La première fois que je vis Meyerbeer, ce fut dans son escalier, qu'il descendait, tandis que nous le montions avec ma mère, qui nous présenta à lui. Nous étions encore très jeunes, ma sœur et moi, mais grandes pour notre âge, et il s'écria avec surprise:
—Pas plus petites que ça?...
Meyerbeer aimait beaucoup le contralto vibrant et velouté de ma mère; il composa pour elle, et lui dédia, une romance dramatique, mêlée de récitation, sur des paroles de Méry, la Fiancée du vieux Château,—le château de Bade,—et c'est à Bade que ma mère chanta la mélodie encore inédite.
La dernière fois que je vis le maître, il m'apparut dans une situation assez bizarre: debout, sur un banc de bois, au milieu du Champ-de-Mars, où avait lieu l'ascension du ballon de Nadar: le Géant.

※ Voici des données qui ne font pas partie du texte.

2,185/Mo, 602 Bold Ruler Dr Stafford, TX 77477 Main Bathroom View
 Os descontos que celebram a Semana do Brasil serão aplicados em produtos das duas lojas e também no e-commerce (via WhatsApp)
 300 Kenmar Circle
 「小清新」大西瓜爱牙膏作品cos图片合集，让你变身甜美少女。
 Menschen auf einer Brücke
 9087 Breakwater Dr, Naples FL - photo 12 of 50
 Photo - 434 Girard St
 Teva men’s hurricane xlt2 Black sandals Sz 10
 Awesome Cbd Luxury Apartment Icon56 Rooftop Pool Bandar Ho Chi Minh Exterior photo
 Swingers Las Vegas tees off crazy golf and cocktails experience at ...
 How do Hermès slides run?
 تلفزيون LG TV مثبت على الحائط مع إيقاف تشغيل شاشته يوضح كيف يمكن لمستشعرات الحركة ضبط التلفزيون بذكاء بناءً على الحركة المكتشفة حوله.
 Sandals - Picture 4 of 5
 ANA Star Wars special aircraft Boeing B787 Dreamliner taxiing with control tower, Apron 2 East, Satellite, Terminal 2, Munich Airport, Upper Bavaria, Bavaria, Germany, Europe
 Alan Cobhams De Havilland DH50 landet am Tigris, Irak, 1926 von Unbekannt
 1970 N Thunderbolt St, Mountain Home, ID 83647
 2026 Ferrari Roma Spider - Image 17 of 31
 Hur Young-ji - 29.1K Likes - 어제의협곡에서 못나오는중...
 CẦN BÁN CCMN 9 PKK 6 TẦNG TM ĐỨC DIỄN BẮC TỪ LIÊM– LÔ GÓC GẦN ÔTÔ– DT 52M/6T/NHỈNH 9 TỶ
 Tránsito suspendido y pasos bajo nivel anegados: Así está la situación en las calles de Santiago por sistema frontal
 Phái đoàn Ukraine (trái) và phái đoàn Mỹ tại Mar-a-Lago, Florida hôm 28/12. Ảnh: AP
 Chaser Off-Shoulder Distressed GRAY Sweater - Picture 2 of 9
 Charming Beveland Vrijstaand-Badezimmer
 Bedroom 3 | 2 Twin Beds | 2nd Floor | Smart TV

Meyerbeer, qui était de petite taille, ne voyait rien, sans doute, perdu dans la foule, et s'était hissé sur ce banc, apporté là par un industriel de circonstance. Serré dans un petit paletot marron, le nez chargé de lorgnons superposés, tenant des deux mains son parapluie, il regardait en l'air l'énorme ballon, et paraissait complètement absorbé par le spectacle et enchanté. Il avait vraiment, dans cette posture, une silhouette inoubliable, et nous le contemplâmes longtemps, d'en bas, sans rien dire. Mais sa position n'était pas sans danger: toujours sans nous faire connaître, nous nous assîmes chacune à un bout du banc, afin de le caler et de l'empêcher de faire la bascule.
Rossini, lui aussi, voulut collaborer avec Théophile Gautier. Le fameux chanteur Paolo Barroilhet s'était chargé de la négociation. Il s'agissait d'une «chanson militaire» que Théophile Gautier devait refaire en y ajoutant un couplet. Les paroles, sur lesquelles le compositeur avait déjà écrit la musique, étaient stupides au delà de toute expression:
REFRAIN
A la Patrie
Brave Français
Donne sa vie,
Et sans regret.
Vive tendresse
Brûle en son cœur
Pour sa maîtresse
Et son Emp'reur!
1er COUPLET
Vite il s'apprête;
Rien ne l'arrête.
Si la trompette
Vient à sonner,
Il prend les armes,
Court aux alarmes:
Son plein de charme
Va l'entraîner....
A la Patrie..., etc.
Rossini désirait qu'avant le retour du refrain il y eût quelques vers de «tendresse militaire», afin qu'il pût y adapter une phrase sentimentale et douce, mezza voce.